The startup landscape cannot be described with the famous line from “Field of Dreams” — “If you build it, they will come.” As nice as that would be, building a thriving company with a successful product takes a lot more work, much of which is managing projects.
Good project management can help startups succeed by keeping their projects on budget and on schedule. It also helps keep teams aligned on what needs to be done, who is responsible for which tasks, and it allows them to collaborate more efficiently while keeping them focused on the goals of the project and product.
Startup founders don’t need to be expert project managers themselves, but knowing the phases, principles, and key skills of project management will help them work more efficiently with their teams and increase their chances of success.

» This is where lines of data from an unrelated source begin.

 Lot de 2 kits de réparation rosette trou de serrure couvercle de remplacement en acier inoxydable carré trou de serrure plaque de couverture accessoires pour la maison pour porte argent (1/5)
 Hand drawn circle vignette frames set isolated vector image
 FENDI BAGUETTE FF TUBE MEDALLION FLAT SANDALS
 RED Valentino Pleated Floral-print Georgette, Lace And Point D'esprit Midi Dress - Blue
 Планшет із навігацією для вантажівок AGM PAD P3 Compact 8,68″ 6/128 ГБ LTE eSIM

What is project management?
Project management is the process that is used to lead a team toward successfully completing a project, including guiding them through all activities involved, such as figuring out how to achieve success despite constraints, determining what defines success, assigning responsibilities, and communicating progress and setbacks.
One key aspect of project management is that the projects are temporary with defined start and end dates. Project management can be used for short and simple projects or large and complex projects, but it’s not applicable to ongoing operational and daily tasks like monthly accounting.

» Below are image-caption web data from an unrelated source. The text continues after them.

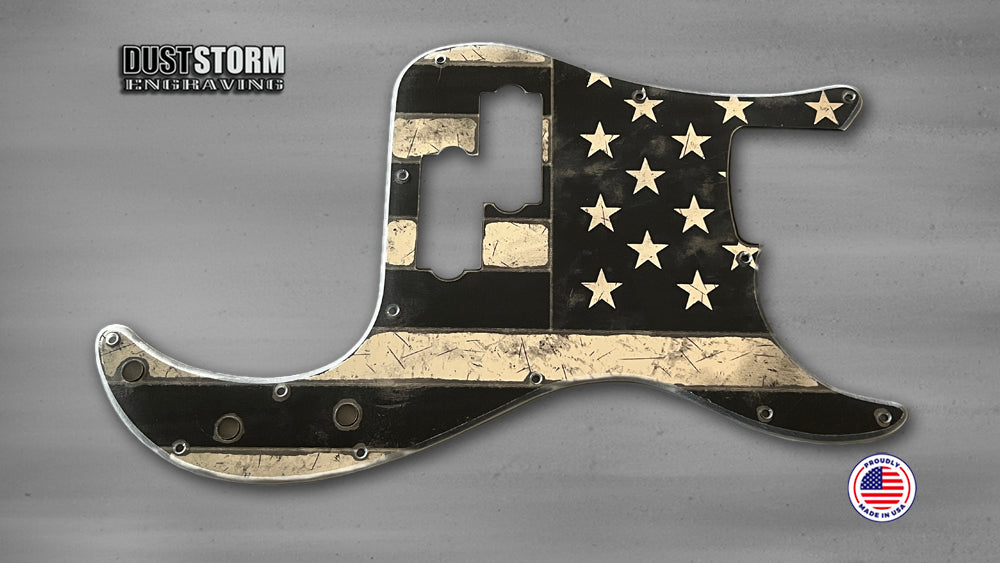 An American Classic: The Acrylic Mirror Flag Pickguard for Precision Bass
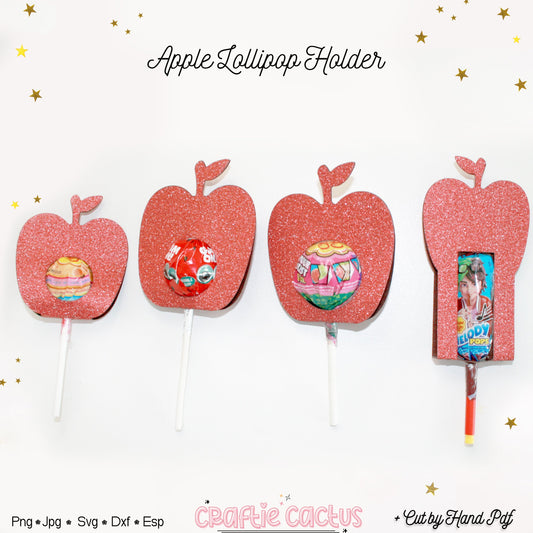 Apple Lollipop Holder Template - Candy Packaging Craftie Cactus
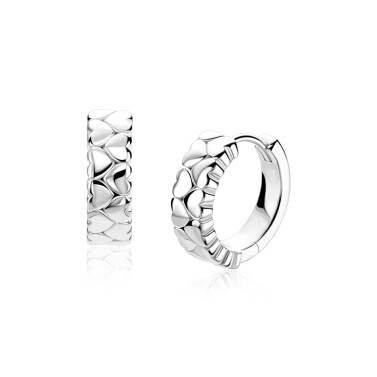 ZINZI zlv. oorringen dubbele rij hartjes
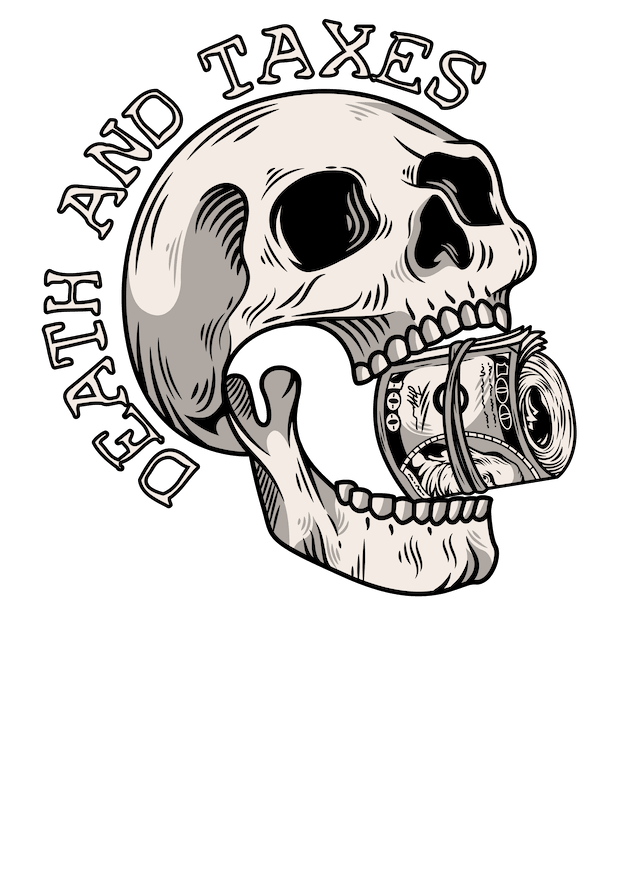 A Death And Taxes T-Shirt from Twisted Gifts with the words death and taxes on it.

There are a number of approaches to project management, such as critical path, lean, and product-based, but they all have three common points of focus that help determine project success — time, cost, and quality. Project management enables teams to achieve their goals in those three areas while using the resources available as efficiently as possible.
Start with documenting the big picture
You may have an idea for a product that you want to use to launch a company, but it’s important to first define what it is you’re trying to achieve. Without doing this, there’s no telling what the end result might be.

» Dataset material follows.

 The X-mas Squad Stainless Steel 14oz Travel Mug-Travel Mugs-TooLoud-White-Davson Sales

Defining your product sets the stage for your product’s project management lifecycle. It helps you document your vision, set goals, establish your target audience, determine limitations, and consider what resources you’ll need.
This step provides context to the stakeholders you need support from and the team who will work on the project right from the beginning. It also serves as your north star and helps you remain focused on your goals so you can prevent scope creep and keep your projects on track.
Techniques for defining your product
There are many ways you can go about defining your product before diving into the project management process. Here are a few we like to use.
Product vision board. A product vision board is a planning document where you outline your vision for the product, the target customers for your product, the user need or issue that your product solves, the product’s main features, and the business goals it helps you achieve.
Product requirement document. A product requirement document provides context to stakeholders and team members about what the product is, what goals you’re trying to achieve, your key performance indicators, and constraints and dependencies.
Project charter. A project charter includes the goals of your project, a description of the problem you’re trying to solve, major requirements and deliverables, success factors, milestones, assumptions and constraints, a list of the team working on the project, and an approvals sign off.
With all of these techniques, the objective is to create a concise, high-level overview of what the product or project is so that someone unfamiliar with it could read it and have the context they need to understand what you’re working to achieve. It’s the TL;DR version of project management.
These planning documents can be created on a piece of paper, a whiteboard, or in a spreadsheet, but we feel that a customizable, all-in-one workspace that’s accessible by all team members wherever they work is best.
Now, with your product defined, you’re ready to start the project management process.
The 5 phases of project management
There are many different types of project management that are unique to specific fields, but at a core level, the project management lifecycle includes five key phases: initiate, plan, execute, monitor and control, and close. Some companies opt to rename the phases to better suit their industry or their projects, or they may choose to add or remove phases as necessary.
The initiation phase of the project is where the project manager determines the nature, scope, feasibility, and parameters of creating the product. It’s also where the product vision board, product requirement document, or project charter come into play.
This phase includes completing project initiation documentation, including a project proposal, project goals, project scope, an estimated project schedule and budget, product and work breakdown structures, a responsibility assignment matrix, financial analysis, and more.
This documentation should be thorough because this is where the project manager is trying to get initial stakeholder approval for the project, address potential roadblocks, and make sure a successful project can be expected. Additionally, a lot of the documentation created in this phase will be referenced throughout the duration of the project.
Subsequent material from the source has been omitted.